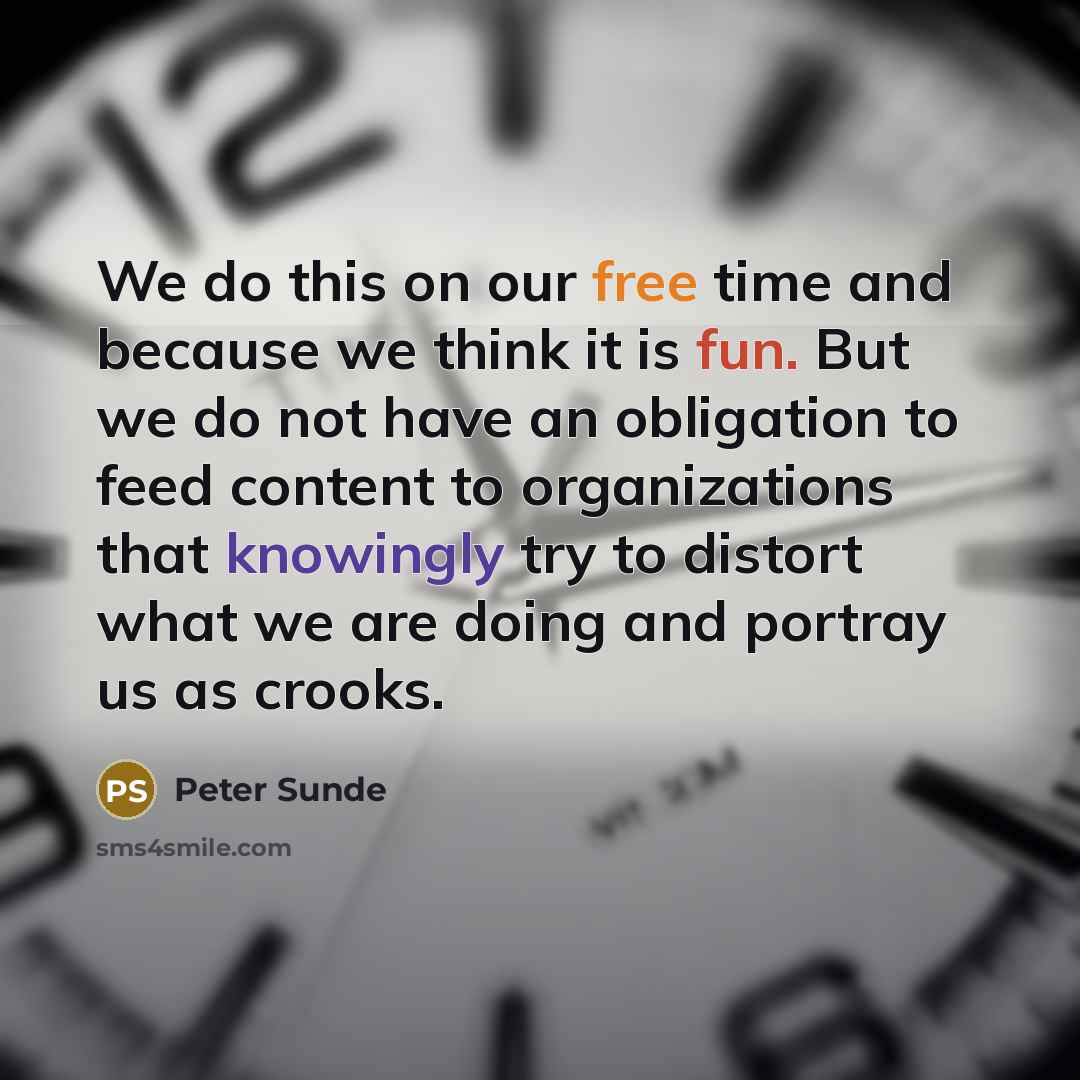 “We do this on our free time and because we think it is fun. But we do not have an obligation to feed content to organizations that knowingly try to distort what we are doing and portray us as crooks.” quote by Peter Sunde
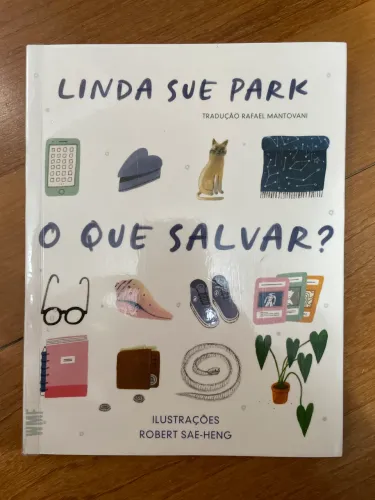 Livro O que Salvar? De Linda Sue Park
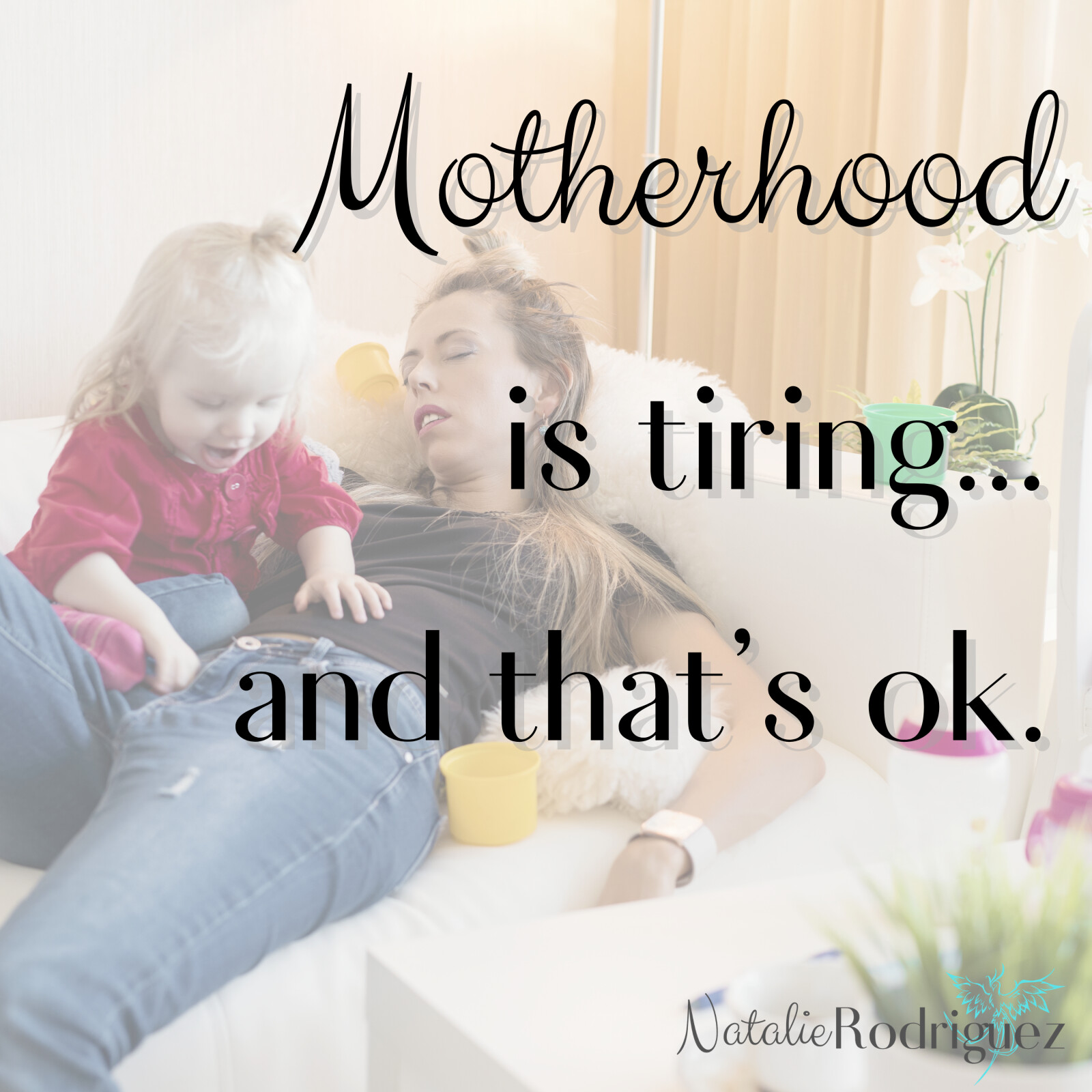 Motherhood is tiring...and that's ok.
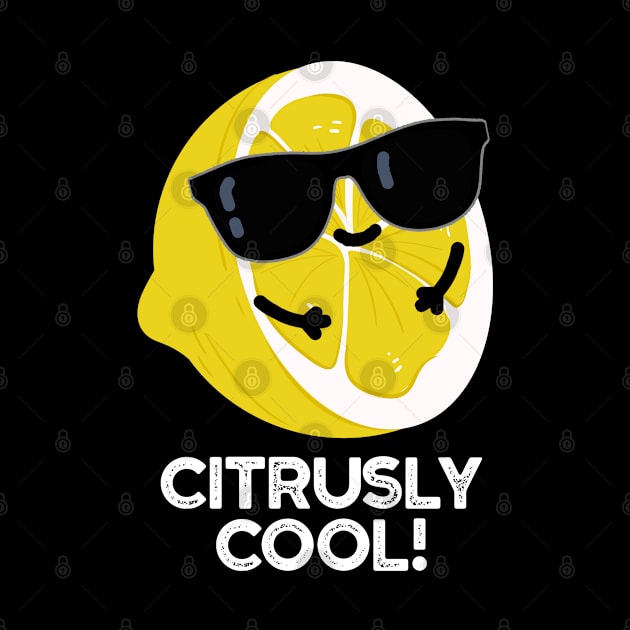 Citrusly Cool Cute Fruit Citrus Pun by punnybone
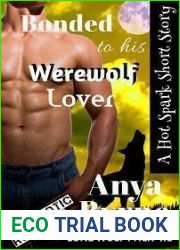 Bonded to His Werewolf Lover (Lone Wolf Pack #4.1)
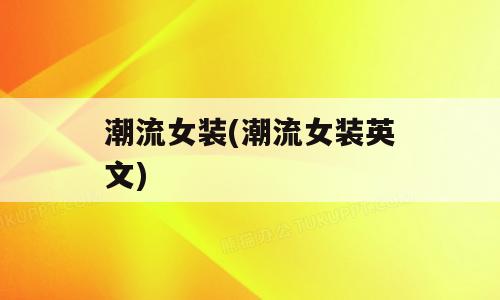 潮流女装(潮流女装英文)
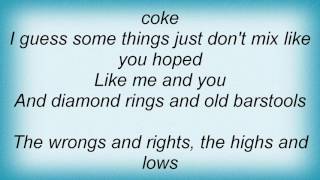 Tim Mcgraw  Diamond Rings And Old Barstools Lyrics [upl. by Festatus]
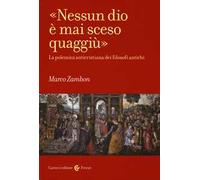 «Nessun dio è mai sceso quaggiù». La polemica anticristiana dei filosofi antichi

* * * * * * *

**Action item**
The preceding entries are to be returned verbatim, with every picture excluded.

**Task solution**
 “We do this on our free time and because we think it is fun. But we do not have an obligation to feed content to organizations that knowingly try to distort what we are doing and portray us as crooks.” quote by Peter Sunde
 Livro O que Salvar? De Linda Sue Park
 Motherhood is tiring...and that's ok.
 Citrusly Cool Cute Fruit Citrus Pun by punnybone
 Bonded to His Werewolf Lover (Lone Wolf Pack #4.1)
 潮流女装(潮流女装英文)
 Tim Mcgraw  Diamond Rings And Old Barstools Lyrics [upl. by Festatus]
 «Nessun dio è mai sceso quaggiù». La polemica anticristiana dei filosofi antichi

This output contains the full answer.